◆ **What the task asks**: Repeat the stretch of entries below from the line with "Microsoft originally said" through the line with "Hi, this is". Include both ends and add nothing.

◆ **The input**:
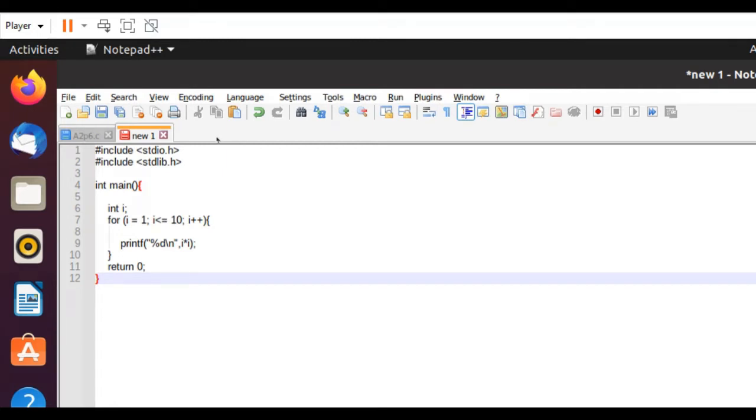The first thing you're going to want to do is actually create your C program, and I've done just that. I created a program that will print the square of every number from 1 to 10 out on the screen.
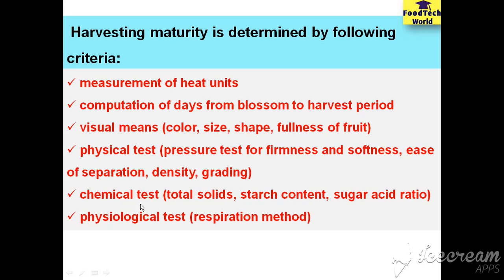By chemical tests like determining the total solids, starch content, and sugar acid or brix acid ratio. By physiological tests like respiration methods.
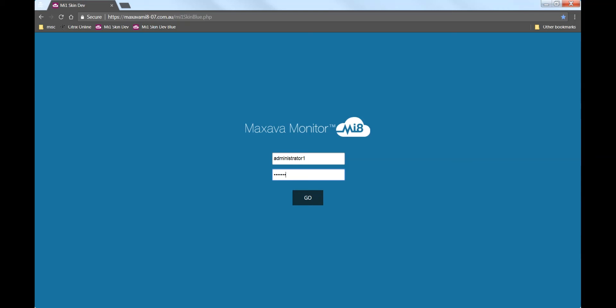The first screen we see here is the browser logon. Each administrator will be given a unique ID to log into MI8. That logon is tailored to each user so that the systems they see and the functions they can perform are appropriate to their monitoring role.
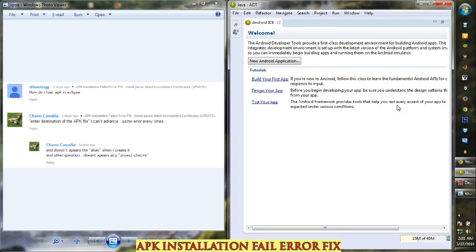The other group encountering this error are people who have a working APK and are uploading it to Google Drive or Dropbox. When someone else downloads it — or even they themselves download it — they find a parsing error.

* * *

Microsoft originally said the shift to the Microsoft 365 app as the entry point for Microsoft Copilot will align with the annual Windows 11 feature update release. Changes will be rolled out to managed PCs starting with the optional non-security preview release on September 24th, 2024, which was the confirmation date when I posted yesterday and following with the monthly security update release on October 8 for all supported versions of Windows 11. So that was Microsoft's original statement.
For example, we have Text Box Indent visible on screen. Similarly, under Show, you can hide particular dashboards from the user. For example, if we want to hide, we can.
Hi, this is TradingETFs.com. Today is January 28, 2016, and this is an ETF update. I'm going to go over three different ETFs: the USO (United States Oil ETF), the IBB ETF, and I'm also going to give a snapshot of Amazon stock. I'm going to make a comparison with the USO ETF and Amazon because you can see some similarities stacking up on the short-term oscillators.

◆ **Exercise result**:
Microsoft originally said the shift to the Microsoft 365 app as the entry point for Microsoft Copilot will align with the annual Windows 11 feature update release. Changes will be rolled out to managed PCs starting with the optional non-security preview release on September 24th, 2024, which was the confirmation date when I posted yesterday and following with the monthly security update release on October 8 for all supported versions of Windows 11. So that was Microsoft's original statement.
For example, we have Text Box Indent visible on screen. Similarly, under Show, you can hide particular dashboards from the user. For example, if we want to hide, we can.
Hi, this is TradingETFs.com. Today is January 28, 2016, and this is an ETF update. I'm going to go over three different ETFs: the USO (United States Oil ETF), the IBB ETF, and I'm also going to give a snapshot of Amazon stock. I'm going to make a comparison with the USO ETF and Amazon because you can see some similarities stacking up on the short-term oscillators.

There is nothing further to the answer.